A Nordic island shaped by outsiders
Greenland’s history is a reminder that the Arctic has never been as isolated as it appears. Norse settlers arrived over a thousand years ago, Inuit cultures followed from the Canadian Arctic, and Denmark gradually asserted colonial control from the early modern period onward. In the 20th century, the island became a strategic outpost for the United States, especially during the Cold War, when the base at Thule—today Pituffik—anchored American surveillance and deterrence in the High North. Autonomy came slowly. Home rule in 1979, expanded self-government in 2008, and an ongoing debate about independence have reshaped Greenland’s relationship with Copenhagen. Yet autonomy has not meant invisibility. On the contrary, it has coincided with renewed global attention.
What Greenlanders want
Recent elections have shown a population cautious rather than revolutionary. Most Greenlanders do not seek annexation by the United States, nor a rushed break from Denmark. The prevailing mood favours economic development, broader international partnerships, and respect for local decision-making. And yet, cultural gravity matters. North America feels closer than Brussels. Economic ties, security structures, and even sports affiliations increasingly pull Greenland westward. In 2025, the Pentagon’s decision to place Greenland under U.S. Northern Command rather than a European framework reinforced that perception.
The GIUK gap: geography as destiny
At the heart of U.S. concern lies a cold, technical acronym: the GIUK gap—the stretch of ocean between Greenland, Iceland, and the United Kingdom. For decades, it has been seen as a strategic choke point, controlling access between the Arctic and the North Atlantic. Any hostile presence there, especially one linked to China, would be unacceptable in Washington. Seen from this angle, Trump’s language appears less eccentric and more brutally consistent. Greenland is not an island at the edge of the world; it is a hinge between oceans, continents, and power blocs.
The Nordic North, no longer peripheral
For Denmark, the challenge is existential. Copenhagen is investing heavily in Greenlandic infrastructure, healthcare, airports, and ports, partly to answer local needs, partly to reassure Washington that Chinese influence is being contained. It is a delicate balancing act between alliance loyalty, colonial history, and respect for Greenlandic autonomy. For Europe, Greenland is a mirror. It reflects the continent’s difficulty in acting strategically in the Arctic without either overreaching or disappearing altogether.

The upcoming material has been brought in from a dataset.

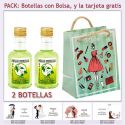 2 Botellitas de Licor de Finas Hierbas con bolsa y tarjeta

Ice, memory, and the future
The Arctic has always inspired extreme visions—from apocalyptic literature to imperial dreams. Today, the danger is less mythical but more complex. Climate change is opening routes, exposing resources, and inviting competition. Greenland stands at the centre of this transformation, not as a prize to be claimed, but as a society navigating pressures far larger than itself.
For All Things Nordic, this is the story that matters: the North not as a postcard, but as a living, contested space where history, identity, and geopolitics collide. The ice is retreating. Attention is advancing. And Greenland, quietly, is becoming one of the places where the future will be decided.